> [WHAT NEEDS TO BE DONE]: An exact copy of every entry is needed here; the images stay out.
═══ PROVIDED ENTRIES ═══
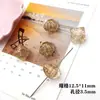 Acrílico Transparente Chapado en Oro Múltiples Estilos Colección DIY Pulsera de Abalorios Hecha a Mano Materiales Ropa Zapatos Accesorios Cuentas Sueltas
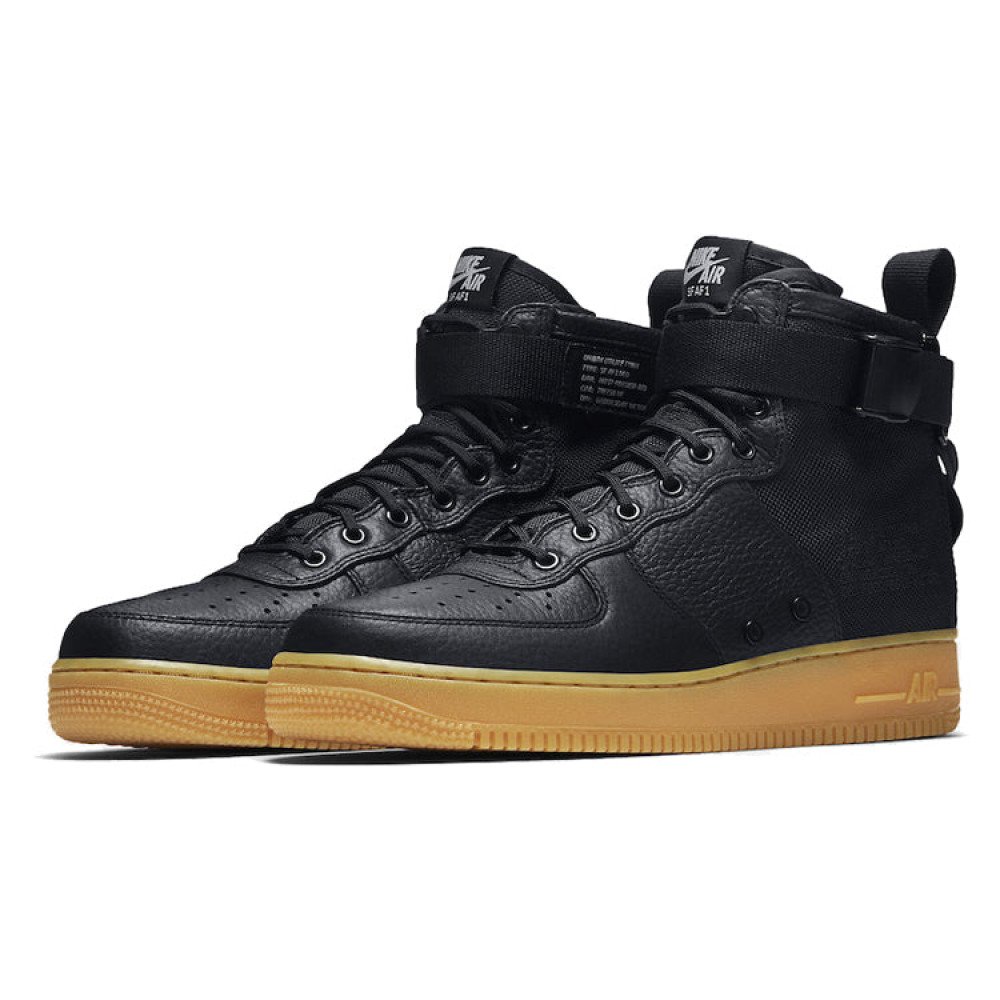 Nike SF Air Force 1 Mid Black Gum 917753-003 Nike SF Air Force 1 Mid Black Gum 917753-003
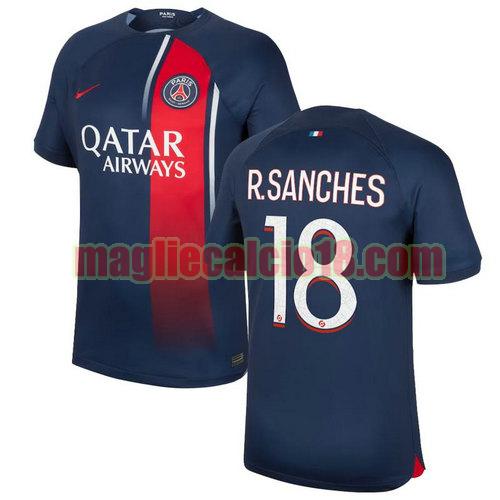 maglia paris saint germain 2023-2024 r.sanches 18 prima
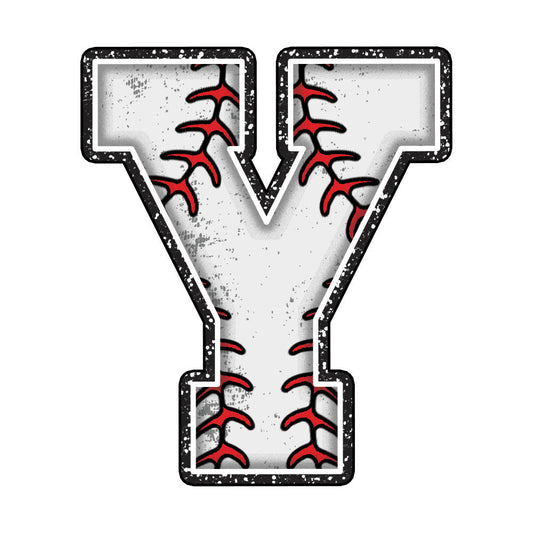 Baseball Alphabet Fabric Panel 34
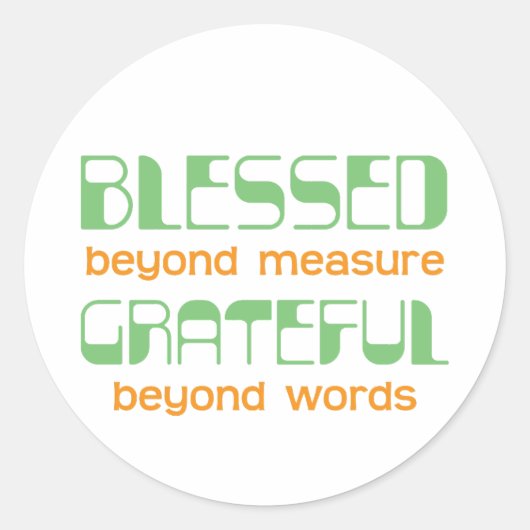 限りない祝福と感謝 ラウンドシール (正面)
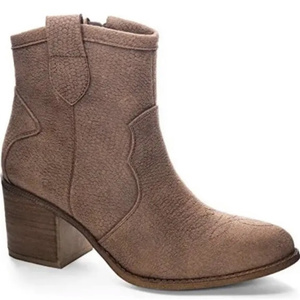 Dirty Laundry Western Unite Bootie Boot Brown Solid  Synthetic Zip Womens Size 6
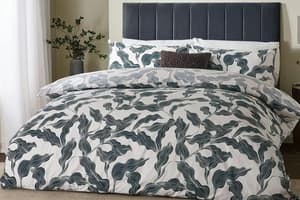 Hoem | Lauro Duvet Cover Set | White/Blue | Single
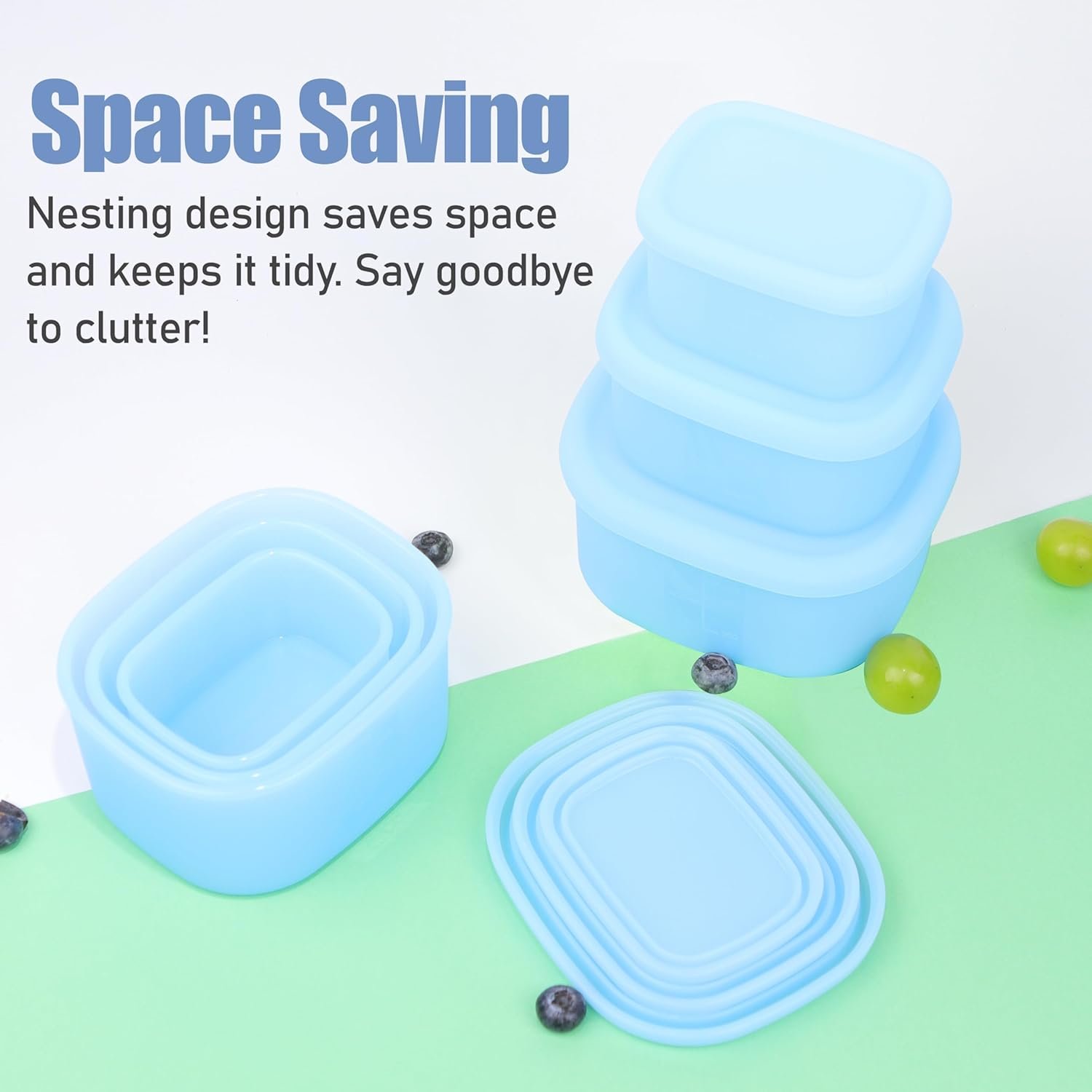 silicone-food-storage-containers-with-airtight-lids-set-of-6-8oz-16oz-24oz-nesting-meal-prep-container-for-lunch-leftove - Cooking Appliance World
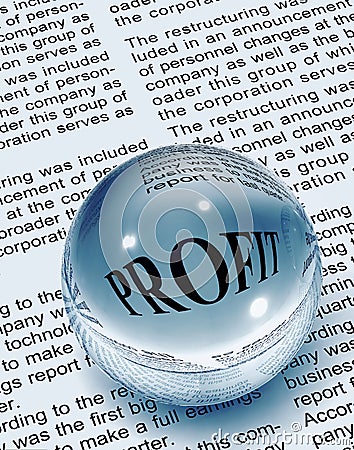 Focus on profit Stock Photo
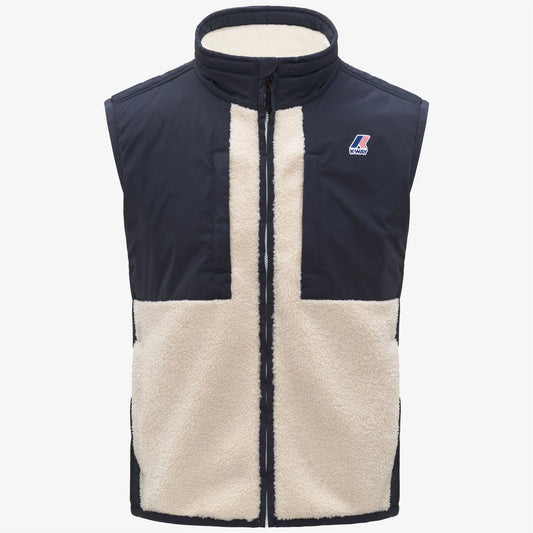 K-WAY AI26-27 Giacca Vital 4.0 Orsetto Blue Depth-Ecru Unisex - Kirù Boutique 28 | Chiavari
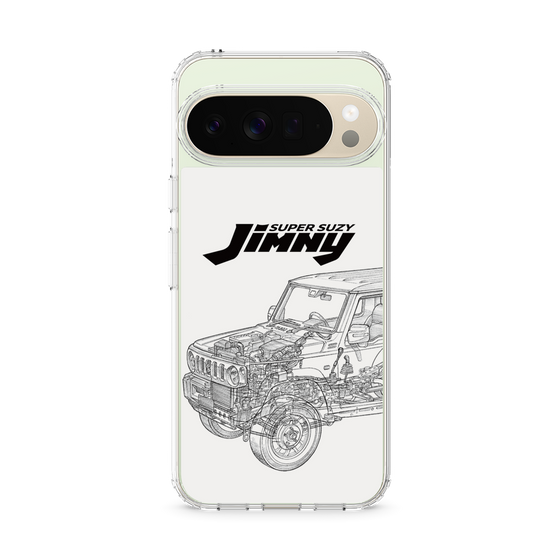 スリムプロテクションケース［ Jimny SUPER SUZY - Jimny Line drawing - White ］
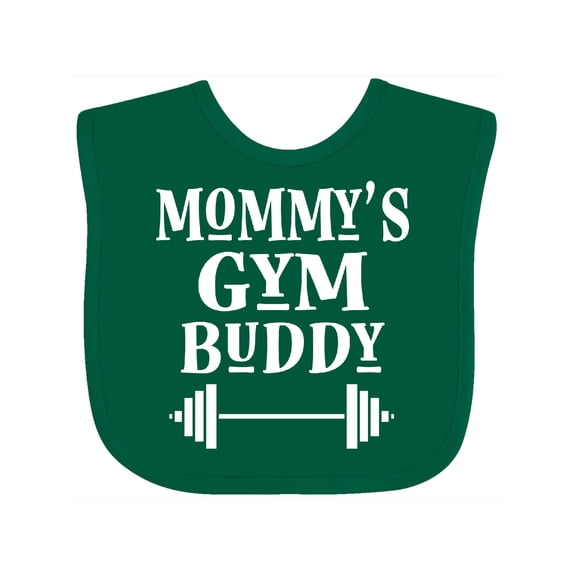 Inktastic Mommy Gym Buddy Fitness Gift Boys or Girls Baby Bib
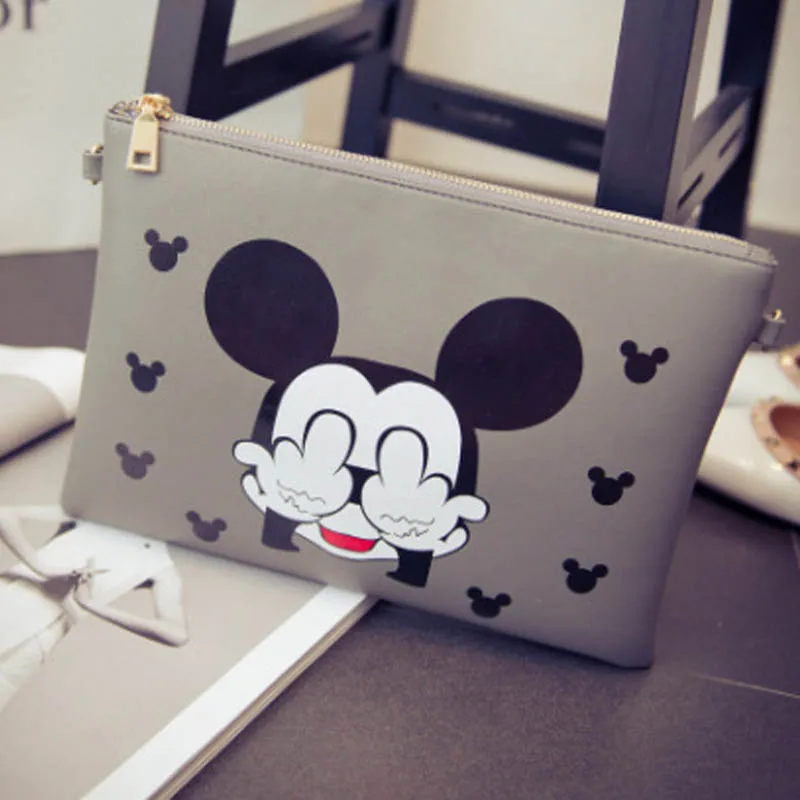 E Женский клатч disney, модная сумка с рисунком Минни, Микки Мауса, кожаная сумка для путешествий, сумка через плечо, сумки-мессенджеры для девочек - Цвет: E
═══
> [RESULT BELOW]:
 Acrílico Transparente Chapado en Oro Múltiples Estilos Colección DIY Pulsera de Abalorios Hecha a Mano Materiales Ropa Zapatos Accesorios Cuentas Sueltas
 Nike SF Air Force 1 Mid Black Gum 917753-003 Nike SF Air Force 1 Mid Black Gum 917753-003
 maglia paris saint germain 2023-2024 r.sanches 18 prima
 Baseball Alphabet Fabric Panel 34
 限りない祝福と感謝 ラウンドシール (正面)
 Dirty Laundry Western Unite Bootie Boot Brown Solid  Synthetic Zip Womens Size 6
 Hoem | Lauro Duvet Cover Set | White/Blue | Single
 silicone-food-storage-containers-with-airtight-lids-set-of-6-8oz-16oz-24oz-nesting-meal-prep-container-for-lunch-leftove - Cooking Appliance World
 Focus on profit Stock Photo
 K-WAY AI26-27 Giacca Vital 4.0 Orsetto Blue Depth-Ecru Unisex - Kirù Boutique 28 | Chiavari
 スリムプロテクションケース［ Jimny SUPER SUZY - Jimny Line drawing - White ］
 Inktastic Mommy Gym Buddy Fitness Gift Boys or Girls Baby Bib
 E Женский клатч disney, модная сумка с рисунком Минни, Микки Мауса, кожаная сумка для путешествий, сумка через плечо, сумки-мессенджеры для девочек - Цвет: E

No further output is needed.